**Input records**
□ □ □ □ □ □ □

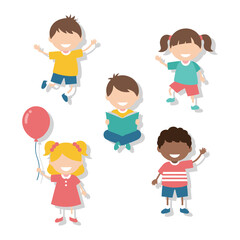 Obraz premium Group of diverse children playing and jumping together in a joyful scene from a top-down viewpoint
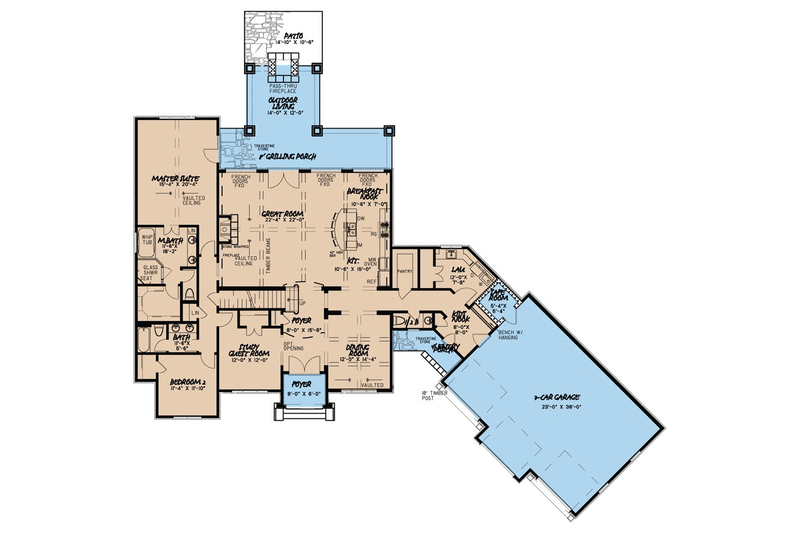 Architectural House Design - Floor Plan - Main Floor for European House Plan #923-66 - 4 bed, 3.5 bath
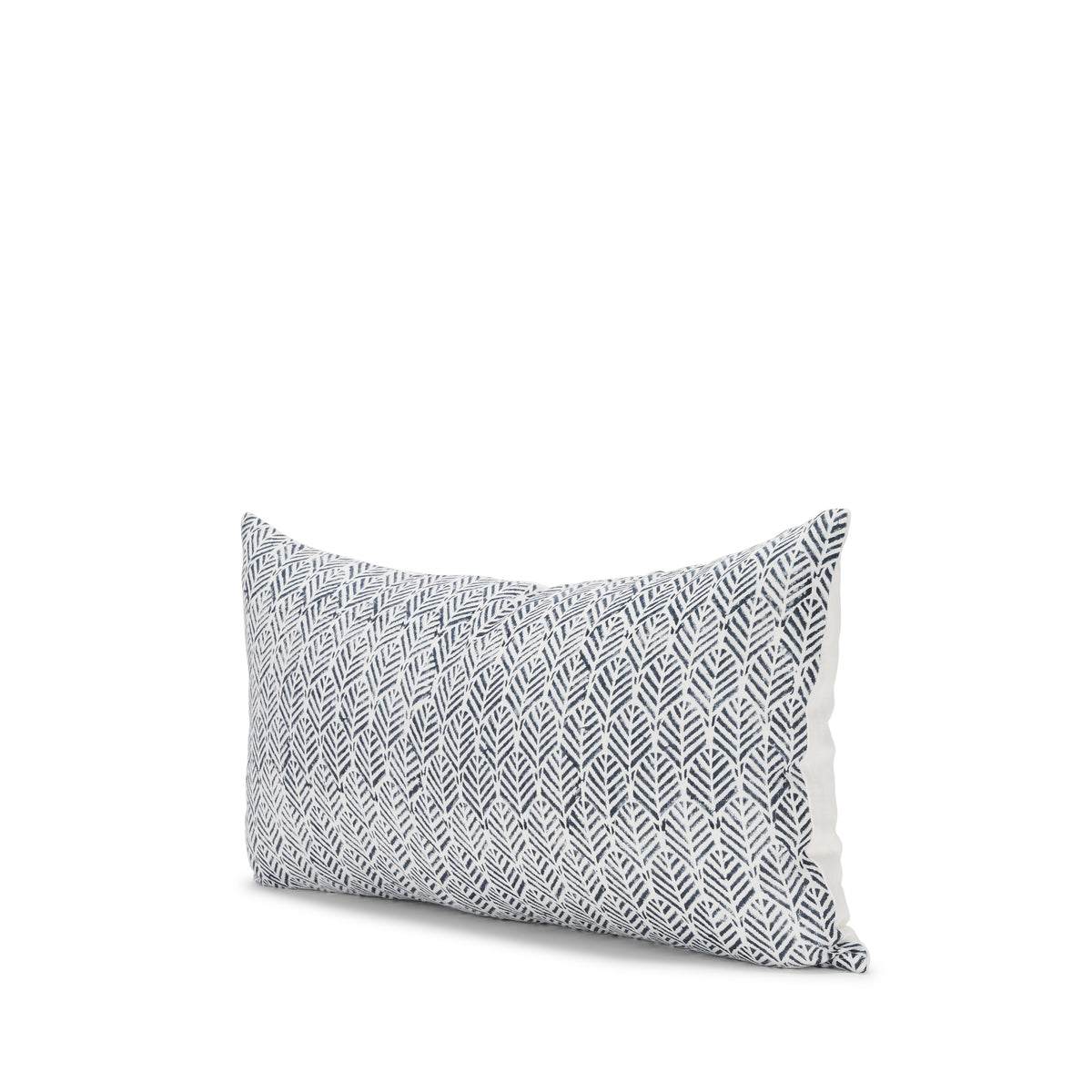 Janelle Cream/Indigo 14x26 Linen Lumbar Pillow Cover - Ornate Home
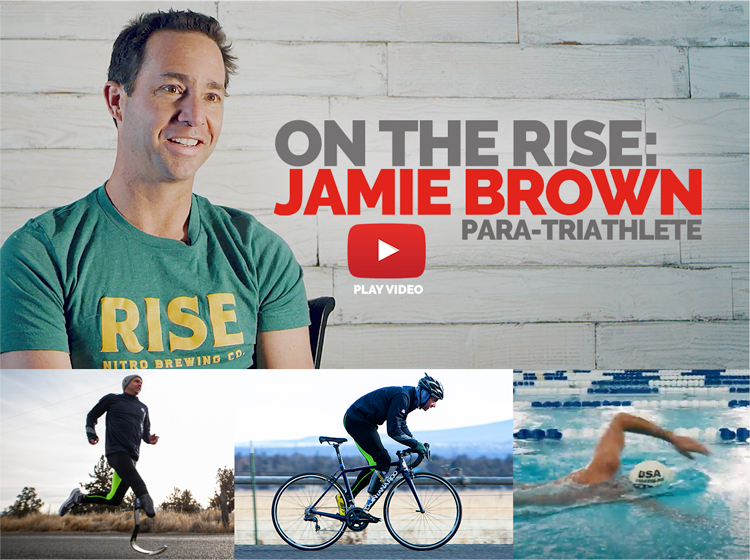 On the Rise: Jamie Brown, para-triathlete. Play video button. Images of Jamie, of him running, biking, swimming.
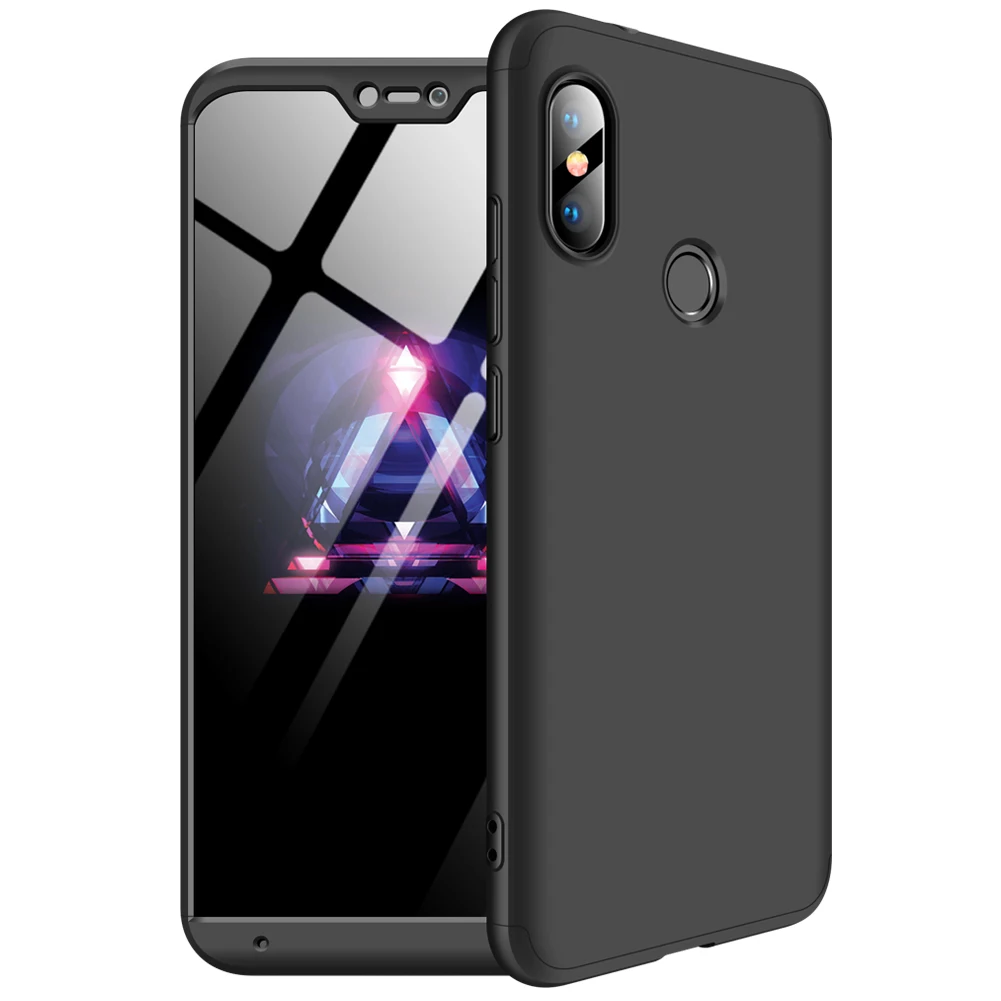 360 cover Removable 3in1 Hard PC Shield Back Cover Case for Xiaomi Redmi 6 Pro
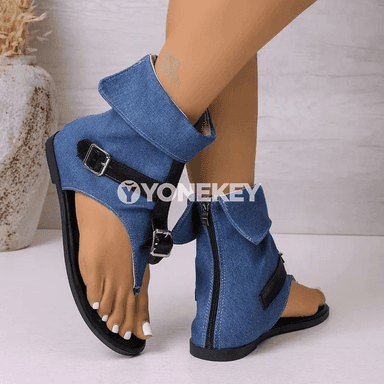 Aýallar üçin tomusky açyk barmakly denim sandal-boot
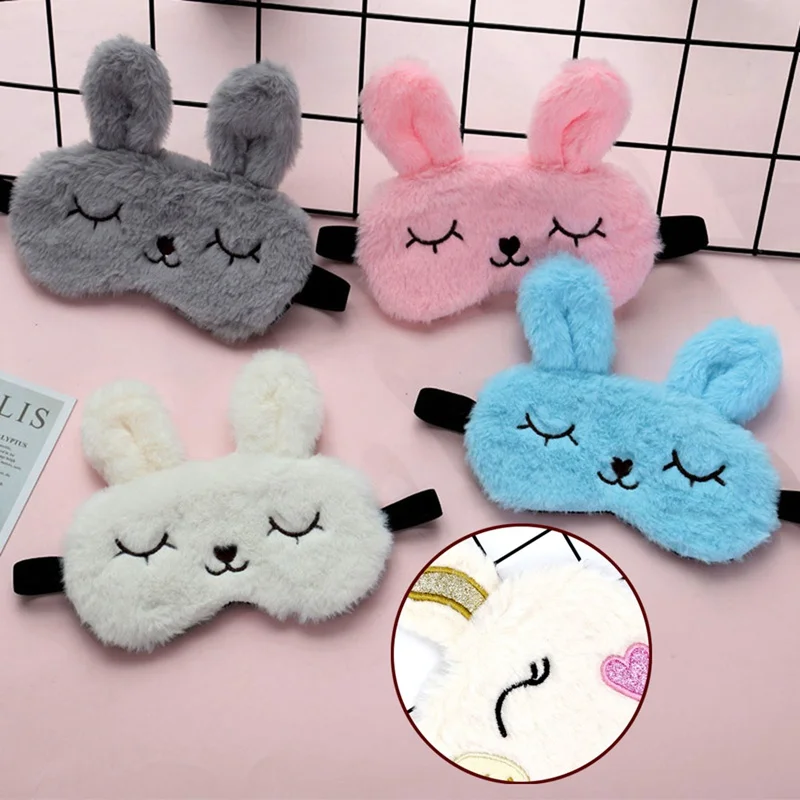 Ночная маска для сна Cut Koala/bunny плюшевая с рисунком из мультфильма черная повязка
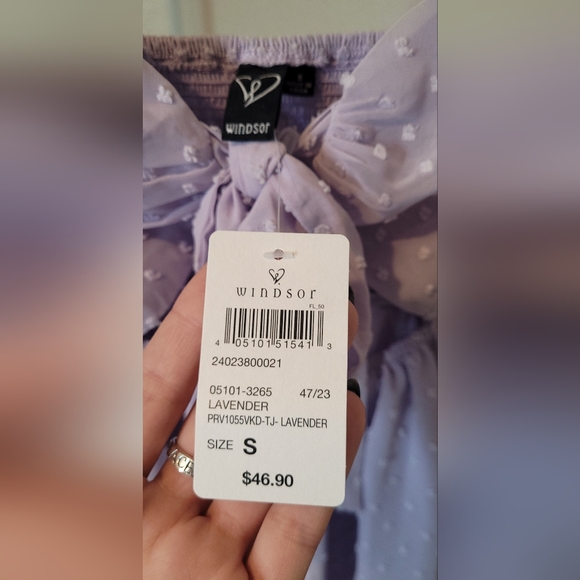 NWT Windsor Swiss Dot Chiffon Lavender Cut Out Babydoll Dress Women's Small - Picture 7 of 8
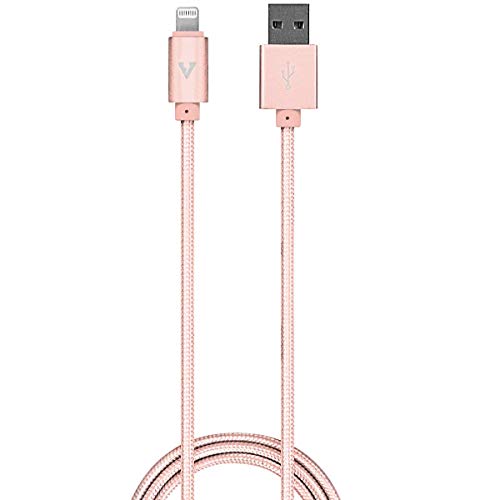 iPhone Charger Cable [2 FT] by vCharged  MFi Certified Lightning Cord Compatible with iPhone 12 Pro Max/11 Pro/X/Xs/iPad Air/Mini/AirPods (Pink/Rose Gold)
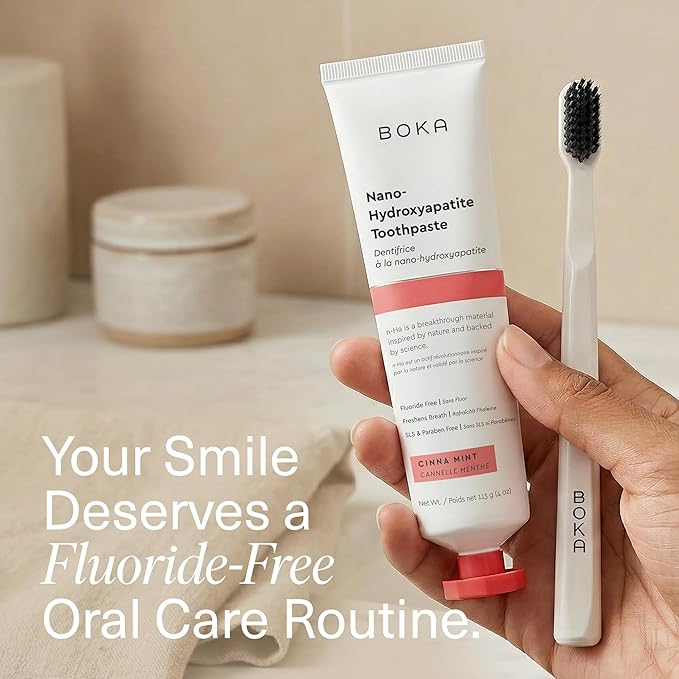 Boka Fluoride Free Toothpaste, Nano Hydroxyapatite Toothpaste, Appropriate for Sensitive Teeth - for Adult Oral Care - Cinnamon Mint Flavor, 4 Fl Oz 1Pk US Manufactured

□ □ □ □ □ □ □

**Task requirements**
Starting at the line that holds "Architectural House Design", retype every line through the end of the data, both ends included. Pictures stay out of the copy.

**Result**
 Architectural House Design - Floor Plan - Main Floor for European House Plan #923-66 - 4 bed, 3.5 bath
 Janelle Cream/Indigo 14x26 Linen Lumbar Pillow Cover - Ornate Home
 On the Rise: Jamie Brown, para-triathlete. Play video button. Images of Jamie, of him running, biking, swimming.
 360 cover Removable 3in1 Hard PC Shield Back Cover Case for Xiaomi Redmi 6 Pro
 Aýallar üçin tomusky açyk barmakly denim sandal-boot
 Ночная маска для сна Cut Koala/bunny плюшевая с рисунком из мультфильма черная повязка
 NWT Windsor Swiss Dot Chiffon Lavender Cut Out Babydoll Dress Women's Small - Picture 7 of 8
 iPhone Charger Cable [2 FT] by vCharged  MFi Certified Lightning Cord Compatible with iPhone 12 Pro Max/11 Pro/X/Xs/iPad Air/Mini/AirPods (Pink/Rose Gold)
 Boka Fluoride Free Toothpaste, Nano Hydroxyapatite Toothpaste, Appropriate for Sensitive Teeth - for Adult Oral Care - Cinnamon Mint Flavor, 4 Fl Oz 1Pk US Manufactured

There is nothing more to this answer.